Il raconte la fin de vie de Célestin, héros déchu joué et par Fabrice Yvanoff Sénat dans les nombreux flashbacks de sa jeunesse haïtienne, et par Gilbert Laumord à l’intense présence agonisante dans un hôpital de Montréal; il se meurt sous nos yeux, non sans avoir goûté plusieurs plats haïtiens préparés par sa fille Vanessa qui s’était pourtant séparée de lui très jeune, victime en ricochet d’une partie de la violence subie en Haïti. Rassurez-vous : ces plats ne contenaient ni chien ni chat, tel que colporté honteusement et frauduleusement par le sinistre duo Trump-Vance, afin de gagner des votes américains anti-immigrants.

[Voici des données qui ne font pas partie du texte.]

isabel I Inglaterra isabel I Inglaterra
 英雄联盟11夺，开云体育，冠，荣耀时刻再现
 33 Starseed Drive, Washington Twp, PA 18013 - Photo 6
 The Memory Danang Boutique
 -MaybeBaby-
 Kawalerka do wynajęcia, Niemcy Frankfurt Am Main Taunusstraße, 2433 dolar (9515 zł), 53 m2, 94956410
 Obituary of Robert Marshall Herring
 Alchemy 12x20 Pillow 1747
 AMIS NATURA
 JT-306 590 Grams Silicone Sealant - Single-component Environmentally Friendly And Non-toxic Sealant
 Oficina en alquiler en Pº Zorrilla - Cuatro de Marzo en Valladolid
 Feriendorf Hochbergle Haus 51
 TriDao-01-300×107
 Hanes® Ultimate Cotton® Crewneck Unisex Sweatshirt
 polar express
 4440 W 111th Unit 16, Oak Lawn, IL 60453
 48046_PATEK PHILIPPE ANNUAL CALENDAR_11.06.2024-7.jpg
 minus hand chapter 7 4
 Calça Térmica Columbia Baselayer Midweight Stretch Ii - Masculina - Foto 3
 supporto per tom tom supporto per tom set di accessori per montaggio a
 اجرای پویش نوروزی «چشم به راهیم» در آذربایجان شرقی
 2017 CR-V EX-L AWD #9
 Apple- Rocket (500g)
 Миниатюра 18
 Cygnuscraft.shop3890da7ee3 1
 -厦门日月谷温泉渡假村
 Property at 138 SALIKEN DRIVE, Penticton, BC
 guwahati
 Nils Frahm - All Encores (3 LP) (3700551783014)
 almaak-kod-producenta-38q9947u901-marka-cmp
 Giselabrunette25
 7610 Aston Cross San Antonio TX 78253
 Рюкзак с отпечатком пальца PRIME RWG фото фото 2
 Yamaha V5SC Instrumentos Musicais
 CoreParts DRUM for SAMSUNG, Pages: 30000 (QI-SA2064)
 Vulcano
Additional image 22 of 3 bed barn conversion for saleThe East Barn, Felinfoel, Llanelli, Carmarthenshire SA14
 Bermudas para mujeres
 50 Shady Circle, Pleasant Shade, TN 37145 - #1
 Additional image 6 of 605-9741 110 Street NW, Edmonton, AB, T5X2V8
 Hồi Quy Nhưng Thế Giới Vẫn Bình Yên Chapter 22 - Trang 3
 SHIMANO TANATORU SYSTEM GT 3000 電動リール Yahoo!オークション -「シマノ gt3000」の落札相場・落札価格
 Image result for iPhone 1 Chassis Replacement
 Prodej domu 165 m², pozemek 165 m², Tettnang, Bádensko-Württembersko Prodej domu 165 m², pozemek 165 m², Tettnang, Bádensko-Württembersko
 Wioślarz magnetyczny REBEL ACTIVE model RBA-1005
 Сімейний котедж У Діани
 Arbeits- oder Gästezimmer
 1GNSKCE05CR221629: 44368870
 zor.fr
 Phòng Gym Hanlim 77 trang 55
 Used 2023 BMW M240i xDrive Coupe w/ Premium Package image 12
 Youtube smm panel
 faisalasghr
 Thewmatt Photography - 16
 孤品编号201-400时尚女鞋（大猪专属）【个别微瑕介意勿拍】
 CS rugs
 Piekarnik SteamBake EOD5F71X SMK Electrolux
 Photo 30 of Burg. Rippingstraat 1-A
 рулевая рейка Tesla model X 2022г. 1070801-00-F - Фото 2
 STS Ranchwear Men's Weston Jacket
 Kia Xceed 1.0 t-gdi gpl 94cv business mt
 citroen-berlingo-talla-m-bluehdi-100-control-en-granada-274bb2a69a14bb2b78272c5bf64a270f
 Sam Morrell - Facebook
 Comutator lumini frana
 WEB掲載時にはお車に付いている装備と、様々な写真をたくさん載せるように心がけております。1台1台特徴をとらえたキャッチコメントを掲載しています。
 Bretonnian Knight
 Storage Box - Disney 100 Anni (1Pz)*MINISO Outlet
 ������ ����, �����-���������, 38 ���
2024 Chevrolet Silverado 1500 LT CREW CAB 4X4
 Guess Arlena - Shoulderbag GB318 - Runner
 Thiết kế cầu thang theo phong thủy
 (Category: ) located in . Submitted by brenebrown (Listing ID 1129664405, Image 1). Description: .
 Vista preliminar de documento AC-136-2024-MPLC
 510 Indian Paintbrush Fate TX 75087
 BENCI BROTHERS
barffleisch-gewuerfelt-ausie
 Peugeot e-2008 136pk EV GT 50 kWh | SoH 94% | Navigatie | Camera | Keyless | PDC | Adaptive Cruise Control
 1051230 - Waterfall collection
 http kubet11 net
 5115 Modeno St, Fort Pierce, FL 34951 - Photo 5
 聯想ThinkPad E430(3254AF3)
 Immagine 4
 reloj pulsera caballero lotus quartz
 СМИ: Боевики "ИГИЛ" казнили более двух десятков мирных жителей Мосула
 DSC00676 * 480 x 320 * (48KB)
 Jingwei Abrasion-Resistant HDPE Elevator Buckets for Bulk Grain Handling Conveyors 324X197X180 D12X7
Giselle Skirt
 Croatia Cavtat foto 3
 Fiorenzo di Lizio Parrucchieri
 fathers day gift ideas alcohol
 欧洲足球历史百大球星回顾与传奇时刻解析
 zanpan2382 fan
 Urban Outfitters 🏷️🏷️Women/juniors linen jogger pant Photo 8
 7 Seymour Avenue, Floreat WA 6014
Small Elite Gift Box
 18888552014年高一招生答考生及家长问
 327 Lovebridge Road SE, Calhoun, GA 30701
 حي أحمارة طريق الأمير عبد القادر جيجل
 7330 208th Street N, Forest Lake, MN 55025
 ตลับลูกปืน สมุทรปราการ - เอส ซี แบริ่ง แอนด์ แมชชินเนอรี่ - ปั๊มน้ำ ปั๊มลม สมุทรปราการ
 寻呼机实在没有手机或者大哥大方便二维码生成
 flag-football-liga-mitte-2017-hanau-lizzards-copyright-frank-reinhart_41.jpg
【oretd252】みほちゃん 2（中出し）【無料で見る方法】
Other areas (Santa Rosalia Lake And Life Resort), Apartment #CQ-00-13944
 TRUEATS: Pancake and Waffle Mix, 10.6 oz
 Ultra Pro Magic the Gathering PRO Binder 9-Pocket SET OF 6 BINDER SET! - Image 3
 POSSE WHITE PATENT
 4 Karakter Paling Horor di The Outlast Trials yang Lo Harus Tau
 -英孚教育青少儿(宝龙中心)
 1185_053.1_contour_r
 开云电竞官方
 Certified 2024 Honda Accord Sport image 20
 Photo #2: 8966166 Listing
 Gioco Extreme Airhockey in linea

Préparés sous nos yeux par la tante qui en veut au vieil homme d’avoir détruit sa sœur (la mère de Vanessa), les plats alléchants – pour lesquels on distribue au cinéma des recettes en fiches colorées -, forment un lien filial miraculeusement restitué au père, sommé d’enfin délier sa langue sur son passé; or on sait, depuis la madeleine de Proust, combien les saveurs déterrent des souvenirs enfouis. Musicien mis en prison et condamné à mort parce qu’il avait omis de faire jouer à la radio l’hymne au père Duvalier de la nation, le jeune dessine à la craie sur un mur de sa prison des touches de piano sur lesquelles il s’exerce, vulnérable. La musicienne Maryse Legagneur sait utiliser l’imaginative bande sonore de Jenny Salgado, qui amalgame les images fabuleuses de Mathieu Laverdière en un tout qui reste cohérent et tendu, malgré les nombreux allers-retours dans le passé. Le calvaire des prisonniers est suggéré par le Libera du Requiem de Gabriel Fauré dans un arrangement feutré qui convient parfaitement à l’atmosphère voulue, par le pianiste Émile Naumoff. Heureusement, ce musicien est bulgare et non pas russe, puisqu’on a vu dans le film italien L’Enlèvement de Marco Bellochio, sur le rapt d’un enfant juif ignoblement enlevé à sa famille par le pape Pie IX, la symphonie expressionniste principale carrément censurée dans les critiques, entrevues et même crédits du film, parce qu’elle est du russe Dimitri Shostakovitch et sans doute interprétée par Valery Gergiev, du Mariinsky de St-Pétersbourg.
Violent par l’authenticité qui dicte à la réalisatrice de respecter des témoignages recueillis pendant des années, le dernier repas s’adoucit grâce à la présence de deux femmes, dont l’héroïne principale, interprétée avec beaucoup de nuances par Marie-Évelyne Lessard et sa tati personnifiée par la non moins excellente Mireille Métellus. Tous les visages éprouvés des acteurs, cadrés de très près, certains recrutés dans la diaspora haïtienne persécutée en République dominicaine, nécessitent une interprétation de rare qualité par ces comédiens plongés dans des huis-clos angoissants de chambre d’hôpital, de cuisine intime ou de geôle surpeuplée au sinistre Fort-Dimanche reconstitué. On reste néanmoins frappés par l’aspect documentaire de l’œuvre, aidé par plusieurs dialogues en créole, sans paysage de mer ni végétations tropicales, à part un immense quennetier inquiétant dans sa solennité, car on enterre des prisonniers parmi ses racines. Mon fils et moi fûmes aussi impressionnés que la salle, réservant un silence respectueux au générique puis éclatant en ovation debout.